- **Entries supplied**
::::

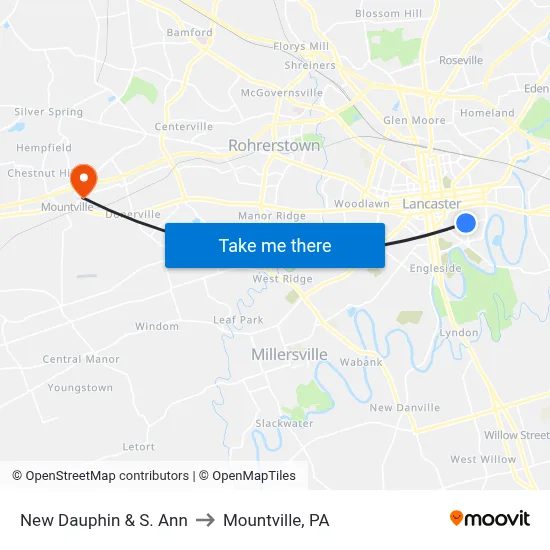 New Dauphin & S. Ann to Mountville, PA map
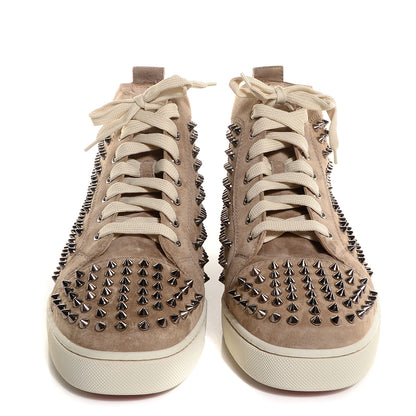 Christian Louboutin Mens Suede Louis Spikes Flat Sneakers 45.5 Beige 2 of 5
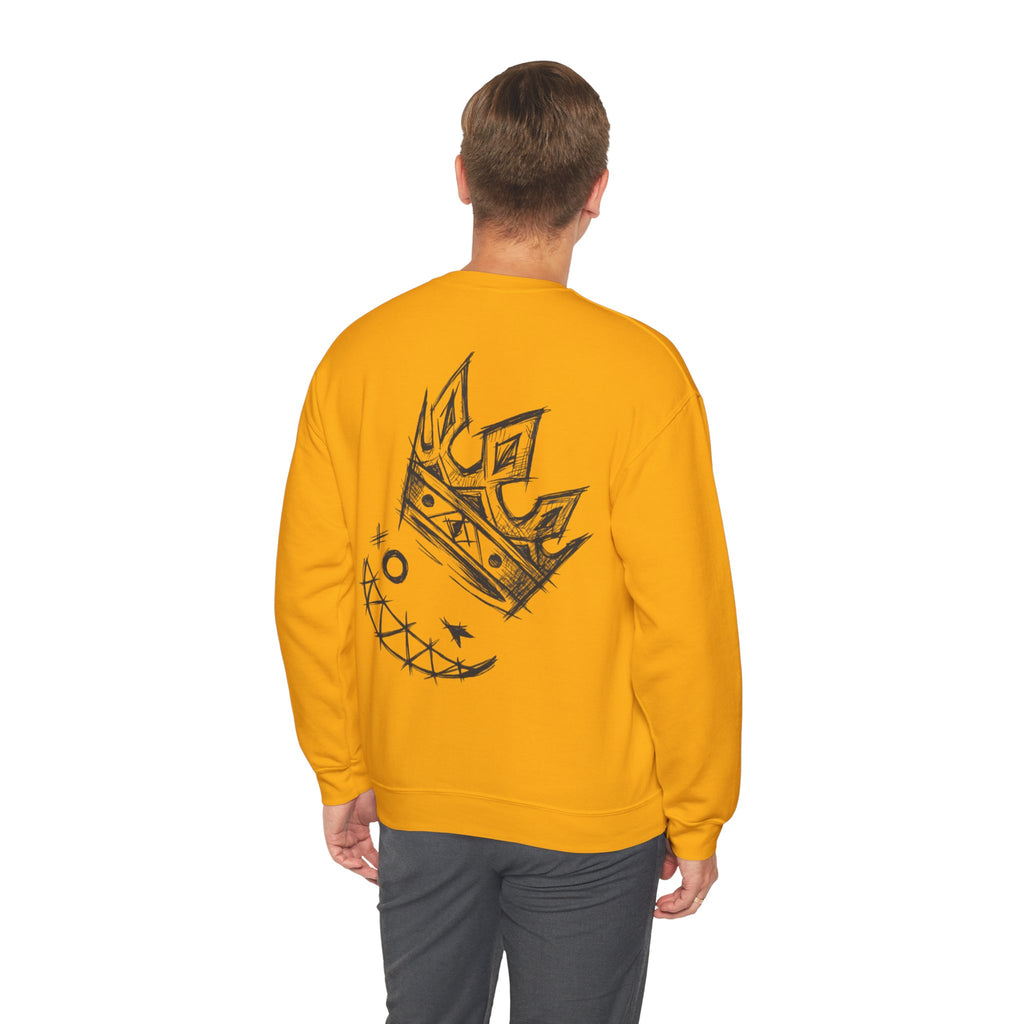 Crowned Grin Crewneck Sweatshirt — Sketch Crown Smile Graphic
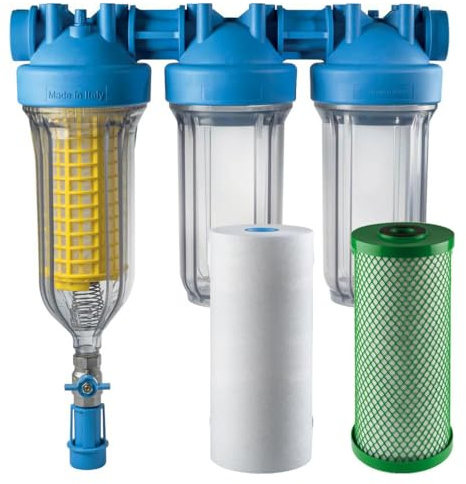 purway® HYDRA BIG TRIO Scalemaster 1 Antikalk Kalkschutzfilter Hausfilter | Trinkwasserfilter filtert grobe und feine Sedimente reduziert Kalkablagerungen, verlängert Lebensdauer von Geräten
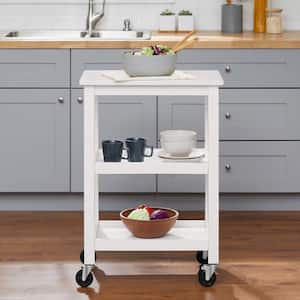 White Multi-Purpose Wooden Kitchen or Microwave Cart with 3 Storage Shelves (23" W)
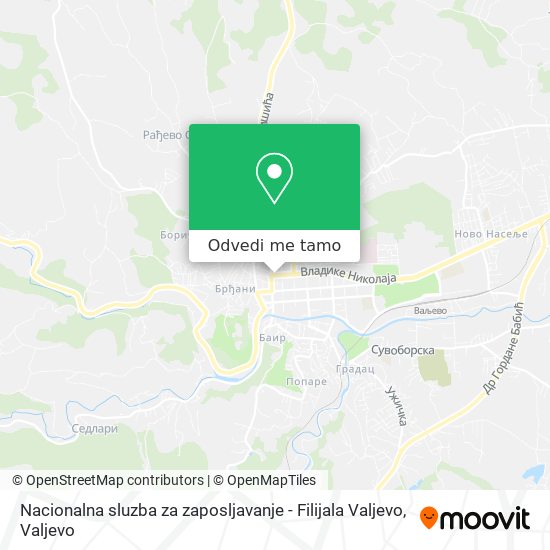 Nacionalna sluzba za zaposljavanje - Filijala Valjevo mapa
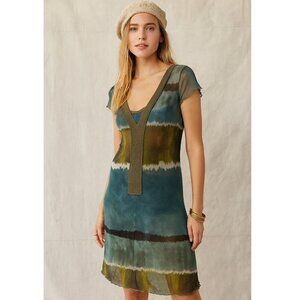 MADO Et Les Autres Mesh Dress Tie Dye Colorblock Abstract Print Art-o-Wear sz M
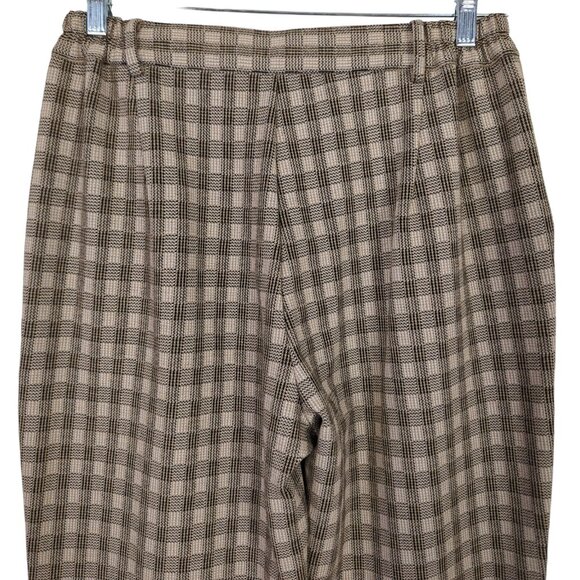 Willow & Root Women's Plaid Check Trouser Pant Size L Brown Black Tan career‎ - Picture 6 of 15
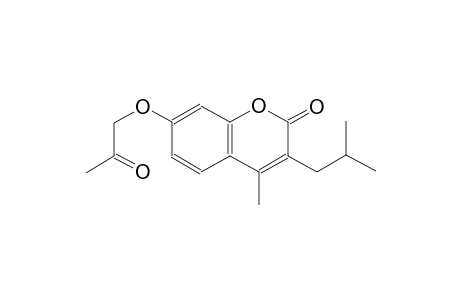 2H-1-benzopyran-2-one, 4-methyl-3-(2-methylpropyl)-7-(2-oxopropoxy)-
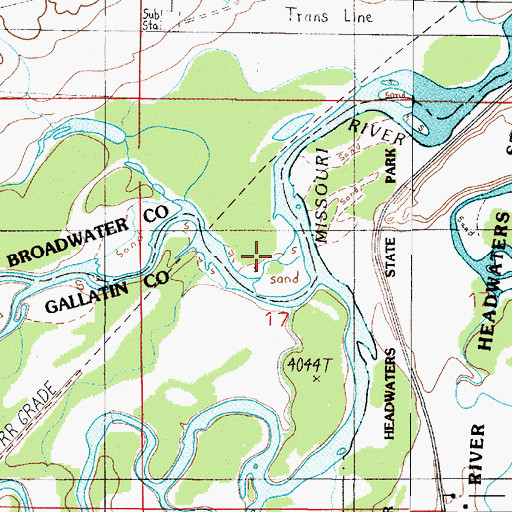 Topographic Map of Jefferson River, MT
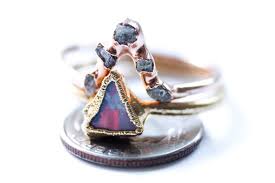 Raw Gemstone Ring Australian Opal Raw Diamond 18k Rose Gold 24k Yellow Gold Mixed Metal Wedding Rings Vintage Gold Engagement Rings Blue Crystal Earrings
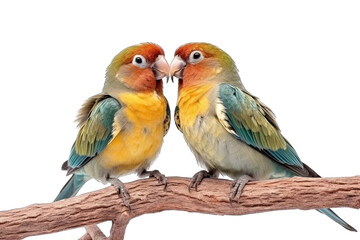 two love birds on a tree branch isolated on white, transparent background, PNG, generative ai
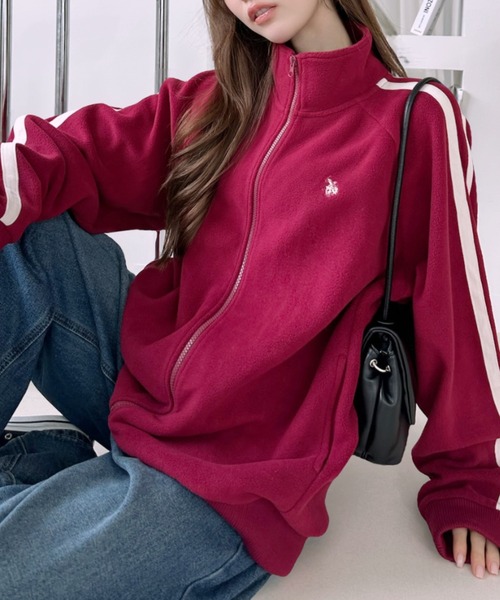 U.S. POLO ASSN.(ユーエスポロアッスン)の「Ada. / U.S. POLO ASSN.ユーエスポロアッスン ラインデザインフリーストラックジャケット(ブルゾン・レディース・ブラック/ベージュ/ネイビー/グレー/カーキ/アイボリー/レッド・M/L/S)」の16枚目の写真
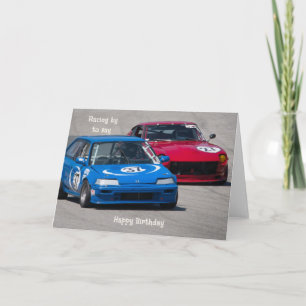 Cartão de Aniversário de Carros de Corrida em Esti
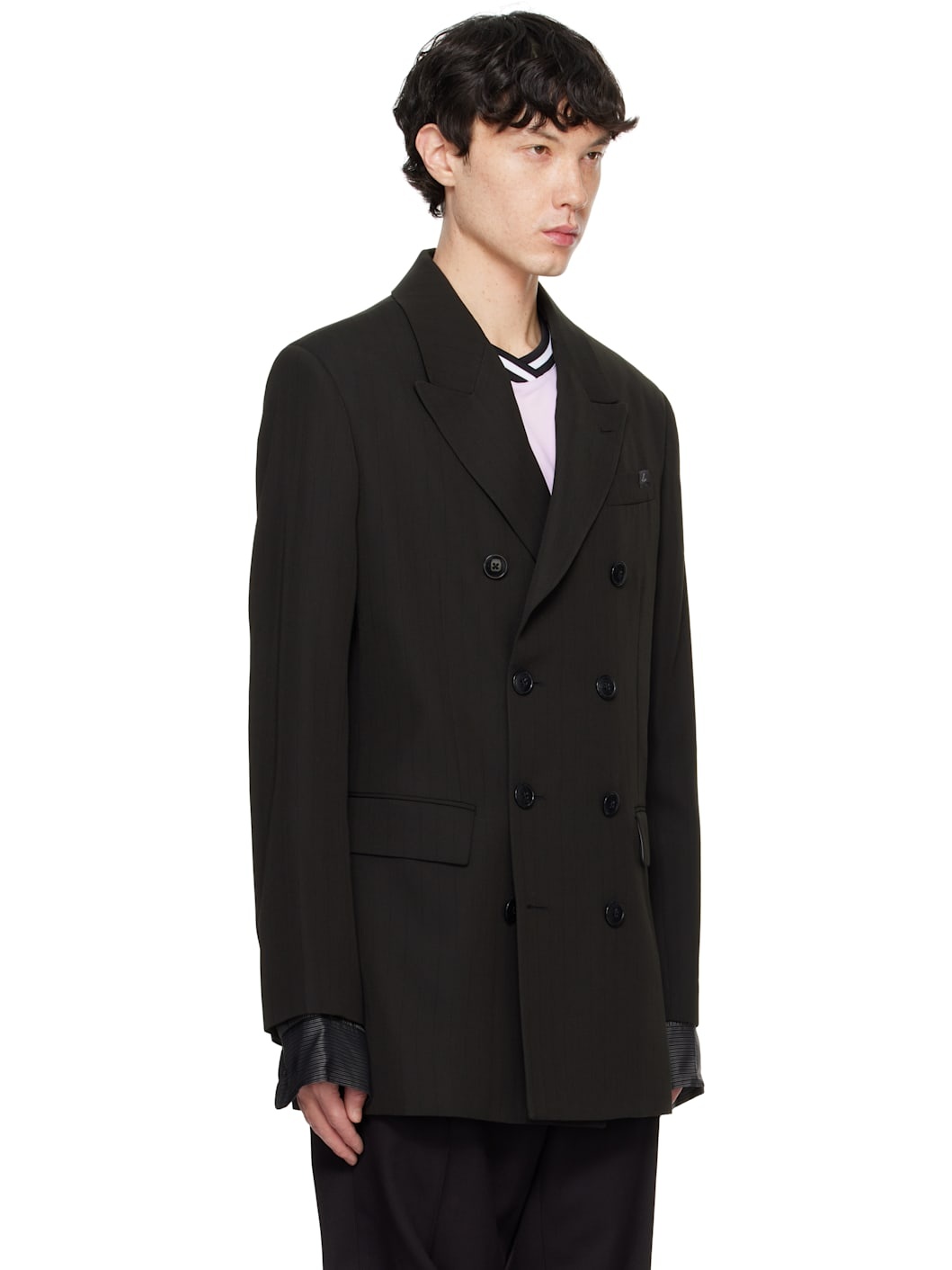Black Double Breasted Short Blazer - 2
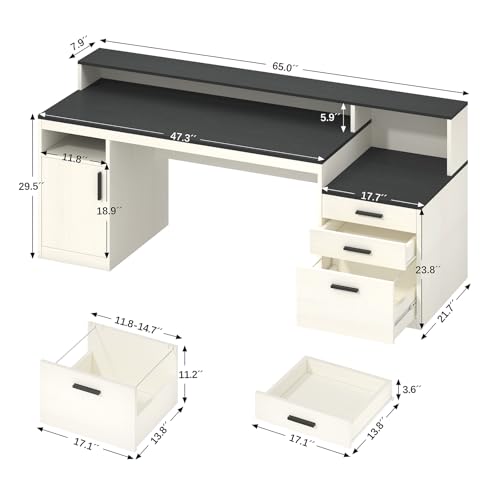 65" Computer Desk with 3 Drawers & Printer Shelf for Home Office, view 3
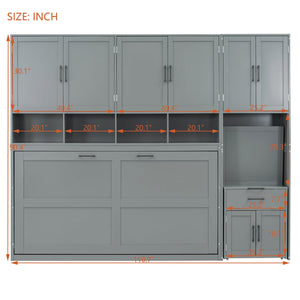 English Elm Twin Murphy Wall Bed with Integrated Closet Drawers and Desk for Studio Spaces Gray LP000595AAE-1
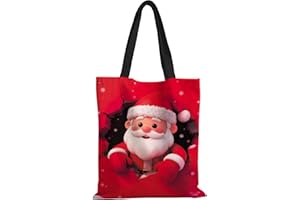 ANNA QUEEN Merry Christmas Canvas Tote Bag Shoulder Bag Handle Bag for Gym Yoga Weekender Picnic Beach Travel Kitchen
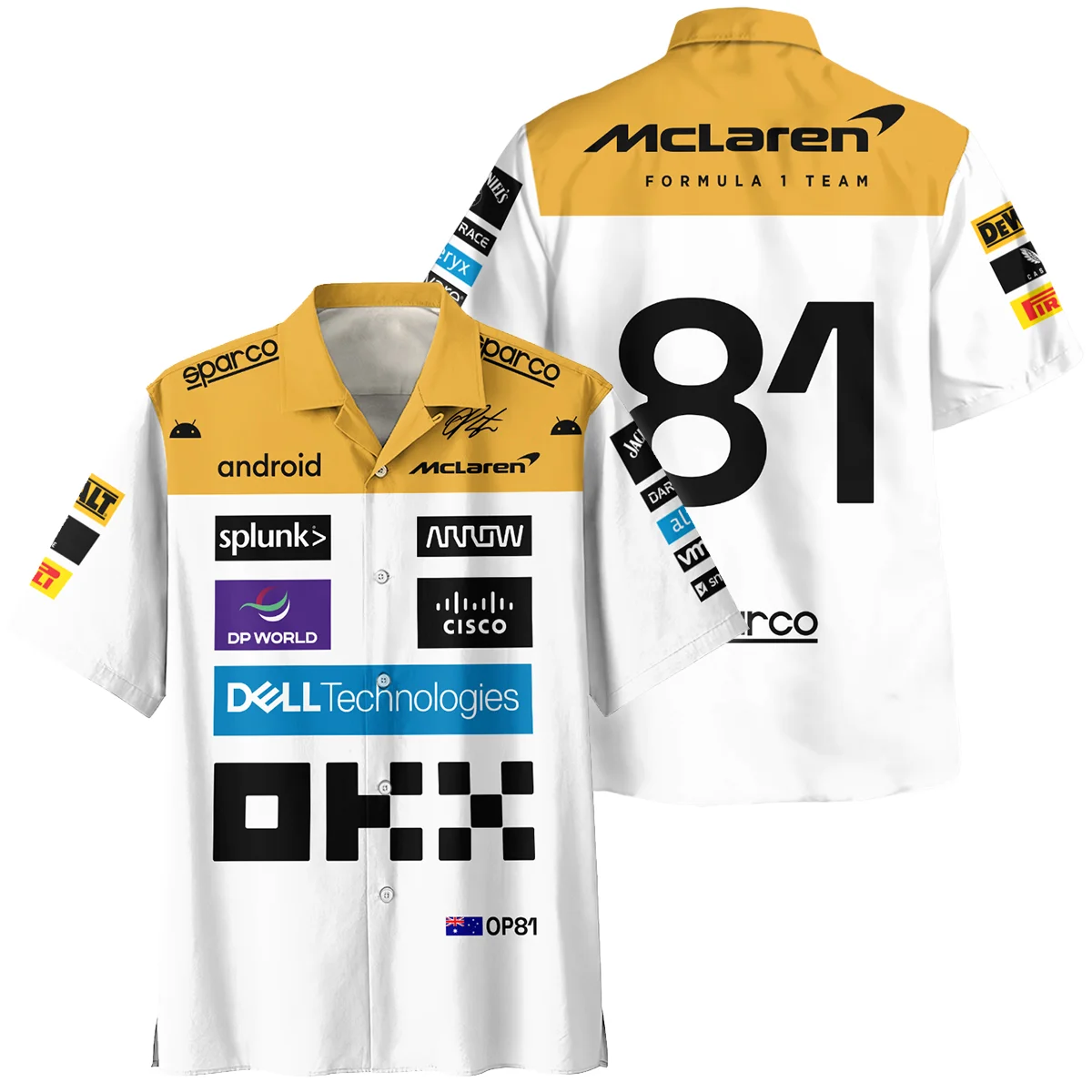 2023 Oscar Piastri Racing Suit McLaren F1 Hawaiian Shirt BLVAOP150825A2HW - Pit Lane Clothing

::::

What is needed is a word-for-word copy of the data above, free of any images.

- **Exercise solution**
 New Dauphin & S. Ann to Mountville, PA map
 Christian Louboutin Mens Suede Louis Spikes Flat Sneakers 45.5 Beige 2 of 5
 Crowned Grin Crewneck Sweatshirt — Sketch Crown Smile Graphic
 purway® HYDRA BIG TRIO Scalemaster 1 Antikalk Kalkschutzfilter Hausfilter | Trinkwasserfilter filtert grobe und feine Sedimente reduziert Kalkablagerungen, verlängert Lebensdauer von Geräten
 White Multi-Purpose Wooden Kitchen or Microwave Cart with 3 Storage Shelves (23" W)
 Nacionalna sluzba za zaposljavanje - Filijala Valjevo mapa
 MADO Et Les Autres Mesh Dress Tie Dye Colorblock Abstract Print Art-o-Wear sz M
 Willow & Root Women's Plaid Check Trouser Pant Size L Brown Black Tan career‎ - Picture 6 of 15
 2H-1-benzopyran-2-one, 4-methyl-3-(2-methylpropyl)-7-(2-oxopropoxy)-
 Topographic Map of Jefferson River, MT
 Raw Gemstone Ring Australian Opal Raw Diamond 18k Rose Gold 24k Yellow Gold Mixed Metal Wedding Rings Vintage Gold Engagement Rings Blue Crystal Earrings
 two love birds on a tree branch isolated on white, transparent background, PNG, generative ai
 U.S. POLO ASSN.(ユーエスポロアッスン)の「Ada. / U.S. POLO ASSN.ユーエスポロアッスン ラインデザインフリーストラックジャケット(ブルゾン・レディース・ブラック/ベージュ/ネイビー/グレー/カーキ/アイボリー/レッド・M/L/S)」の16枚目の写真
 Cartão de Aniversário de Carros de Corrida em Esti
Black Double Breasted Short Blazer - 2
 65" Computer Desk with 3 Drawers & Printer Shelf for Home Office, view 3
 English Elm Twin Murphy Wall Bed with Integrated Closet Drawers and Desk for Studio Spaces Gray LP000595AAE-1
 ANNA QUEEN Merry Christmas Canvas Tote Bag Shoulder Bag Handle Bag for Gym Yoga Weekender Picnic Beach Travel Kitchen
 2023 Oscar Piastri Racing Suit McLaren F1 Hawaiian Shirt BLVAOP150825A2HW - Pit Lane Clothing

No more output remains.